You will receive loads of information if you go to www.aruba-bb.com and/or www.visitaruba.com.  This will be our 11th year for 3 weeks each year.  We go in Feb/March and love it.  I use the bb's very extensively to find out about restaurants,etc.  There is also a website for the lastest Aruba restaurant reviews but the reviews on the bbs are splendid.  You can walk to some things from the Marriott but you are missing some of the best restaurant's (Madame Jeanette, etc.) if you stay within walking distance - and it is not that easy a walk.  Don't miss Azzuro at Playa Linda or Gianni (same owners) - much better than Hostaria.  We always rent a car as taxis really add up quickly and its nice to just hop in a car.  We don't find the driving a problem - I even go out on my own.   I say Azzuro first because it has a nice ocean view.  Mirandi is also a drive (go for sunset on the water).  JMHO, Linda


----------



## laxmom (Feb 10, 2008)

We were at Surf Club last year on Memorial Day week.  It was about 90 but the tradewinds kept us cool.  The water in the lazy river was so warm that you couldn't tell if your hand was in our out.  It was the weirdest thing.  It wasn't that the water was hot just that it was about the same as the air and our body temp.  We swam every night after dinner; it was more refreshing and less crowded.

We did rent a car.  We paid $130 for a Yaris and would do it again.  We beach hopped with our snorkel gear.  We did the jeep tour and island getaway with DePalm Tours and would highly recommend them.  Our 16 yo loved it.  We rode in a jeep with several other people and took turns driving.  The tour guide had his own vehicle.  There is a bus stop out front of the Ocean Club that was something like 50 cents pp.  We took that downtown after trying to drive and park once with no luck.  Parking is at a premium so take the bus.

Did the TS tour and it was no pressure.

Agree with the previous post about Ling & Sons.  Just inquire about their hours - they weren't the kind of hours we were used to here.  Also, the prices are in florines not dollars on the shelves.

I thought the drinks at the resorts were a little watered down but we only drank at happy hour.  We did walk to the high rise area for dinner once, dinner at Madame Jeanettes once and dinner on the beach once.  Other than that we ate in our room for breakfast and lunch when not on our tour with DePalm.(There are coupons in the magazines for some of their tours)
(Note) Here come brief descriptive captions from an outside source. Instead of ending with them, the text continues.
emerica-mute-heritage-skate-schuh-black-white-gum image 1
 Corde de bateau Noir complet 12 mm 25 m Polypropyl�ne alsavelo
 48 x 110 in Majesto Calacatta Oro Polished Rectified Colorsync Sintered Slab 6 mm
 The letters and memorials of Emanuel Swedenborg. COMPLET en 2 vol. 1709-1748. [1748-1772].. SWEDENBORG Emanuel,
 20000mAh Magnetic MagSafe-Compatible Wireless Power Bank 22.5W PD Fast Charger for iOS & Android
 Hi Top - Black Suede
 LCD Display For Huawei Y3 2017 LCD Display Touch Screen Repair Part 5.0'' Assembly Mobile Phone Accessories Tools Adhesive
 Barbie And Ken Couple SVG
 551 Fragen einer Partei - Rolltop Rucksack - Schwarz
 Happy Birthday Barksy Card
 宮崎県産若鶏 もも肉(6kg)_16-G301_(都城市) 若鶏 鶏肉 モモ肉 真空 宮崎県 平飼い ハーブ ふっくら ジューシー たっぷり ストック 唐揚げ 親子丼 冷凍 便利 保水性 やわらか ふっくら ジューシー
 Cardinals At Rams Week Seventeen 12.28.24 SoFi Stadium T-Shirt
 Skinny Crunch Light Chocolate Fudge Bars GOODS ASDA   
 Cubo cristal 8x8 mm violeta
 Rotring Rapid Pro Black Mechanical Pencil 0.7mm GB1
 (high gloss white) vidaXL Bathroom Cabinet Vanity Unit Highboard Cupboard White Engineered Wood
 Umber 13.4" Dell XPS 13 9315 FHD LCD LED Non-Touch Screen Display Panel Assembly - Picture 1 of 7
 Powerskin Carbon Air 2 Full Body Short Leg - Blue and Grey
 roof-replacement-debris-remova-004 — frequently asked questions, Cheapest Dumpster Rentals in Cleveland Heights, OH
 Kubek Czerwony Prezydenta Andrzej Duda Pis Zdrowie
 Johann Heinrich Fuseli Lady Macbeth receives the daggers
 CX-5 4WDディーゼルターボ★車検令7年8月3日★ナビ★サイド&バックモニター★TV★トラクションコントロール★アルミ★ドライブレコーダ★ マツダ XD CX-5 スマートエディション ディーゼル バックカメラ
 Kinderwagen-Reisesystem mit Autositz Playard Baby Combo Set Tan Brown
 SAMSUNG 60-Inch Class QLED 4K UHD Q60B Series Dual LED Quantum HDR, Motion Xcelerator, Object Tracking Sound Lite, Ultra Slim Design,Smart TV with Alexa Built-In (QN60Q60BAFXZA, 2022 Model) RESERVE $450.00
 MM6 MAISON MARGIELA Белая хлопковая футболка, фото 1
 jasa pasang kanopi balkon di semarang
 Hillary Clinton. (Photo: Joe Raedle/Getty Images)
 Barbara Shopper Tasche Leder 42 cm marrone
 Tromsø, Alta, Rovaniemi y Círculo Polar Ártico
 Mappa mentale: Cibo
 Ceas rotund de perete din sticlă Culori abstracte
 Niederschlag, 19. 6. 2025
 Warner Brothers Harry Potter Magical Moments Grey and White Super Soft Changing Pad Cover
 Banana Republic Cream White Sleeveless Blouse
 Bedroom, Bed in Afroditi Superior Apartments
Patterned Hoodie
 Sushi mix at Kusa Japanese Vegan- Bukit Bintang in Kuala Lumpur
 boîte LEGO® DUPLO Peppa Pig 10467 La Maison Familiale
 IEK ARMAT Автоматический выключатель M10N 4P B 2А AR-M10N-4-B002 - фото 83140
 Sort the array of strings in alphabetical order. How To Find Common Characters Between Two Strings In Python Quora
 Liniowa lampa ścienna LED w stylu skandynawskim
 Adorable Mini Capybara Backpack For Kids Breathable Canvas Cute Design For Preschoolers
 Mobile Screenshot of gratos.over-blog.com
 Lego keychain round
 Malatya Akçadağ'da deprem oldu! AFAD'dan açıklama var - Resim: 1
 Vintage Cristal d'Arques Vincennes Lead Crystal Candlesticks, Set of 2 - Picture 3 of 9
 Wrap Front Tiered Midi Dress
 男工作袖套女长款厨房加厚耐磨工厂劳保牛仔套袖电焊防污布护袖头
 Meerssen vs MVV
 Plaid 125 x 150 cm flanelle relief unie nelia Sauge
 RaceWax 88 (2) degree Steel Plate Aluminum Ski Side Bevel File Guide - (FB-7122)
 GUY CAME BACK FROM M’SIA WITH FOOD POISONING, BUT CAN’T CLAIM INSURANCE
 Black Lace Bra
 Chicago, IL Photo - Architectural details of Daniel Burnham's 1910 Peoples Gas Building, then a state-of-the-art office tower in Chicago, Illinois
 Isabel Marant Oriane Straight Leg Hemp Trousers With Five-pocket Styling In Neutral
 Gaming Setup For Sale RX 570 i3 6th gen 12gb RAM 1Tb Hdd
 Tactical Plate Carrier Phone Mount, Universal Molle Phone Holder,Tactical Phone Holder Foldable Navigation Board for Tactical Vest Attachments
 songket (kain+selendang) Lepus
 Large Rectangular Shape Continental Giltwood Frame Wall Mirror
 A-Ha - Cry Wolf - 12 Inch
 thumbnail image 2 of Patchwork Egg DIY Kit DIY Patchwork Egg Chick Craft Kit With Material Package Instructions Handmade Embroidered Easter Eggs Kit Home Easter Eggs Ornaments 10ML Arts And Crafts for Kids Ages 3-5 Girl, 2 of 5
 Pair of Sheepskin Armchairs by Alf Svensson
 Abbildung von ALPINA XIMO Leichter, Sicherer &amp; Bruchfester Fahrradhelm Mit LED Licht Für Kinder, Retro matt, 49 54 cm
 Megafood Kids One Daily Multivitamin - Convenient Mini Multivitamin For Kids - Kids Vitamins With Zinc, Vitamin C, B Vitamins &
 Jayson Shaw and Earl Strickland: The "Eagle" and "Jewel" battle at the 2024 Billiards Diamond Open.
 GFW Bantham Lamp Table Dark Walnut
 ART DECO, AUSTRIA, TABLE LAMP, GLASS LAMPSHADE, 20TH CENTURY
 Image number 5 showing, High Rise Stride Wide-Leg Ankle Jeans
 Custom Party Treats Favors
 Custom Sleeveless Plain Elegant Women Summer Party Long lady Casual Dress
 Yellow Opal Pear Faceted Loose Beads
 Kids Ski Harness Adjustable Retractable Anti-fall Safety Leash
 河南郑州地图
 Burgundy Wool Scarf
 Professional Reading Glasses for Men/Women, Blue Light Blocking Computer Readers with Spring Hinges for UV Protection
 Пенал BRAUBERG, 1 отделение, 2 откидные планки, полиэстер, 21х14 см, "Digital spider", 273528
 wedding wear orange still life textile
Jolly Pirates docks right next to Surf Club and I have heard great things about their snorkel adventures.  The tour we did was an all day thing with some offroading on the back side of the island and then a trip to DePalm Island which was all inclusive.  It was the highlight of our trip.  We got to see a lot of the island this way.

We took our 16 yo and at first he thought the lazy river was boring.  Couldn't get  him out by the end of the week.  We also drove up the coast a little bit to an area where the kite boarders practice and watched them for quite a while.  They are there after work hours.  There is a race from Venezuela to Aruba sometime in May.  One night there was a mini concert at Moomba's, next to the Surf Club, that we sat on the beach and listened to.  All in all, DS said this was his favorite trip so far out of all that we have taken.  He wants to know when we are going back....so do I!!


----------



## lprstn (Feb 15, 2008)

Thanks everyone! Keep it coming!  My girlfriend owns at this resort and I am sending her information that I found here.  She said its opening her eyes to a whole different vacation than she was taking.


----------